■ **DATA SHOWN**:
····················
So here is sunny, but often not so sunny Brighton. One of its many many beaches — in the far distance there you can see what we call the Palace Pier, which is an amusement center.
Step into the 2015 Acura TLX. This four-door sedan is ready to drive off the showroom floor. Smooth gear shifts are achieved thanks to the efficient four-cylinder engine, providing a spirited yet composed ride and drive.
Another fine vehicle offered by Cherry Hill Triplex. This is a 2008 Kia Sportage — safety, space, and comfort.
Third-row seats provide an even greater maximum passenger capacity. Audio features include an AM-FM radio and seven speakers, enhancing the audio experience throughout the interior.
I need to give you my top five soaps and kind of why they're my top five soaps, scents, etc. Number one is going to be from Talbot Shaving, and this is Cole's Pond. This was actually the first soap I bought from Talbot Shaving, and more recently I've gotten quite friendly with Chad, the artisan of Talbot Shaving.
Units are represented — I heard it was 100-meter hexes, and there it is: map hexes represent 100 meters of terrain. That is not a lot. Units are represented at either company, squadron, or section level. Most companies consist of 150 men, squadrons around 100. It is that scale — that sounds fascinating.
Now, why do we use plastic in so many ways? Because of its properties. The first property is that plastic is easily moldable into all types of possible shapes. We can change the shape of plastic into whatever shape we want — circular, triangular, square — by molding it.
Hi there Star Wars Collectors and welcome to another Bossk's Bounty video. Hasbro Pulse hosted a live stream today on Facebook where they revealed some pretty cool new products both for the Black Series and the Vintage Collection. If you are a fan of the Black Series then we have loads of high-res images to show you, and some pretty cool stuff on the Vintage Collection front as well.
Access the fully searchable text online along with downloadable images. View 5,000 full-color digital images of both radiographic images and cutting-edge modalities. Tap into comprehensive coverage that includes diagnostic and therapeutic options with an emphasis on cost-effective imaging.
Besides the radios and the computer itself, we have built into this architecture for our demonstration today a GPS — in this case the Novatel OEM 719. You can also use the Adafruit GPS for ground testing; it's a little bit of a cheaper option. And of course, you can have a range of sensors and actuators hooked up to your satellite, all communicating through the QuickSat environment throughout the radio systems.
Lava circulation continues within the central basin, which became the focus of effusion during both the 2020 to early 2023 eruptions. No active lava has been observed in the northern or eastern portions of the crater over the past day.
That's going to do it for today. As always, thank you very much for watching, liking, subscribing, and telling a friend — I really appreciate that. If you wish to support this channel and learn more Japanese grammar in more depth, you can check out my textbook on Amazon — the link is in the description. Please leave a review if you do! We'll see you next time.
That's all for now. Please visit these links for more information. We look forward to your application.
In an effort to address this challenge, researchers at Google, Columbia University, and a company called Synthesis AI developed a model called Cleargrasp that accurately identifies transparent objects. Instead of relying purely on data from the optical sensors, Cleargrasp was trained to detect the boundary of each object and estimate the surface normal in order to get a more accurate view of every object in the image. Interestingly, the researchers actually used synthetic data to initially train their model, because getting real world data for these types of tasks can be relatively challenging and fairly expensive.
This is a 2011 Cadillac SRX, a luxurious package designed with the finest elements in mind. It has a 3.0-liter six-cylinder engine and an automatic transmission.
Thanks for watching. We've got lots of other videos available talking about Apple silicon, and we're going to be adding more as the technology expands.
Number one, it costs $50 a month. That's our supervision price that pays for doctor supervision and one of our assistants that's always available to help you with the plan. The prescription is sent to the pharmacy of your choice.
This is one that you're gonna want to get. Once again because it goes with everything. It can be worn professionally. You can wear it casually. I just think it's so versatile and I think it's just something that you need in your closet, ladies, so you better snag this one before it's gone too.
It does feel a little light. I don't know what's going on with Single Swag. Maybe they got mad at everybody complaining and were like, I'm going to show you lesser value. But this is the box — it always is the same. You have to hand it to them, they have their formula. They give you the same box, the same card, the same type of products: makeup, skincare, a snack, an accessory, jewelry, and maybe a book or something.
····················
■ **WHAT YOU HAVE TO DO**:
Without leaving anything out, retype the material exactly.

■ **ANSWER SECTION**:
So here is sunny, but often not so sunny Brighton. One of its many many beaches — in the far distance there you can see what we call the Palace Pier, which is an amusement center.
Step into the 2015 Acura TLX. This four-door sedan is ready to drive off the showroom floor. Smooth gear shifts are achieved thanks to the efficient four-cylinder engine, providing a spirited yet composed ride and drive.
Another fine vehicle offered by Cherry Hill Triplex. This is a 2008 Kia Sportage — safety, space, and comfort.
Third-row seats provide an even greater maximum passenger capacity. Audio features include an AM-FM radio and seven speakers, enhancing the audio experience throughout the interior.
I need to give you my top five soaps and kind of why they're my top five soaps, scents, etc. Number one is going to be from Talbot Shaving, and this is Cole's Pond. This was actually the first soap I bought from Talbot Shaving, and more recently I've gotten quite friendly with Chad, the artisan of Talbot Shaving.
Units are represented — I heard it was 100-meter hexes, and there it is: map hexes represent 100 meters of terrain. That is not a lot. Units are represented at either company, squadron, or section level. Most companies consist of 150 men, squadrons around 100. It is that scale — that sounds fascinating.
Now, why do we use plastic in so many ways? Because of its properties. The first property is that plastic is easily moldable into all types of possible shapes. We can change the shape of plastic into whatever shape we want — circular, triangular, square — by molding it.
Hi there Star Wars Collectors and welcome to another Bossk's Bounty video. Hasbro Pulse hosted a live stream today on Facebook where they revealed some pretty cool new products both for the Black Series and the Vintage Collection. If you are a fan of the Black Series then we have loads of high-res images to show you, and some pretty cool stuff on the Vintage Collection front as well.
Access the fully searchable text online along with downloadable images. View 5,000 full-color digital images of both radiographic images and cutting-edge modalities. Tap into comprehensive coverage that includes diagnostic and therapeutic options with an emphasis on cost-effective imaging.
Besides the radios and the computer itself, we have built into this architecture for our demonstration today a GPS — in this case the Novatel OEM 719. You can also use the Adafruit GPS for ground testing; it's a little bit of a cheaper option. And of course, you can have a range of sensors and actuators hooked up to your satellite, all communicating through the QuickSat environment throughout the radio systems.
Lava circulation continues within the central basin, which became the focus of effusion during both the 2020 to early 2023 eruptions. No active lava has been observed in the northern or eastern portions of the crater over the past day.
That's going to do it for today. As always, thank you very much for watching, liking, subscribing, and telling a friend — I really appreciate that. If you wish to support this channel and learn more Japanese grammar in more depth, you can check out my textbook on Amazon — the link is in the description. Please leave a review if you do! We'll see you next time.
That's all for now. Please visit these links for more information. We look forward to your application.
In an effort to address this challenge, researchers at Google, Columbia University, and a company called Synthesis AI developed a model called Cleargrasp that accurately identifies transparent objects. Instead of relying purely on data from the optical sensors, Cleargrasp was trained to detect the boundary of each object and estimate the surface normal in order to get a more accurate view of every object in the image. Interestingly, the researchers actually used synthetic data to initially train their model, because getting real world data for these types of tasks can be relatively challenging and fairly expensive.
This is a 2011 Cadillac SRX, a luxurious package designed with the finest elements in mind. It has a 3.0-liter six-cylinder engine and an automatic transmission.
Thanks for watching. We've got lots of other videos available talking about Apple silicon, and we're going to be adding more as the technology expands.
Number one, it costs $50 a month. That's our supervision price that pays for doctor supervision and one of our assistants that's always available to help you with the plan. The prescription is sent to the pharmacy of your choice.
This is one that you're gonna want to get. Once again because it goes with everything. It can be worn professionally. You can wear it casually. I just think it's so versatile and I think it's just something that you need in your closet, ladies, so you better snag this one before it's gone too.
It does feel a little light. I don't know what's going on with Single Swag. Maybe they got mad at everybody complaining and were like, I'm going to show you lesser value. But this is the box — it always is the same. You have to hand it to them, they have their formula. They give you the same box, the same card, the same type of products: makeup, skincare, a snack, an accessory, jewelry, and maybe a book or something.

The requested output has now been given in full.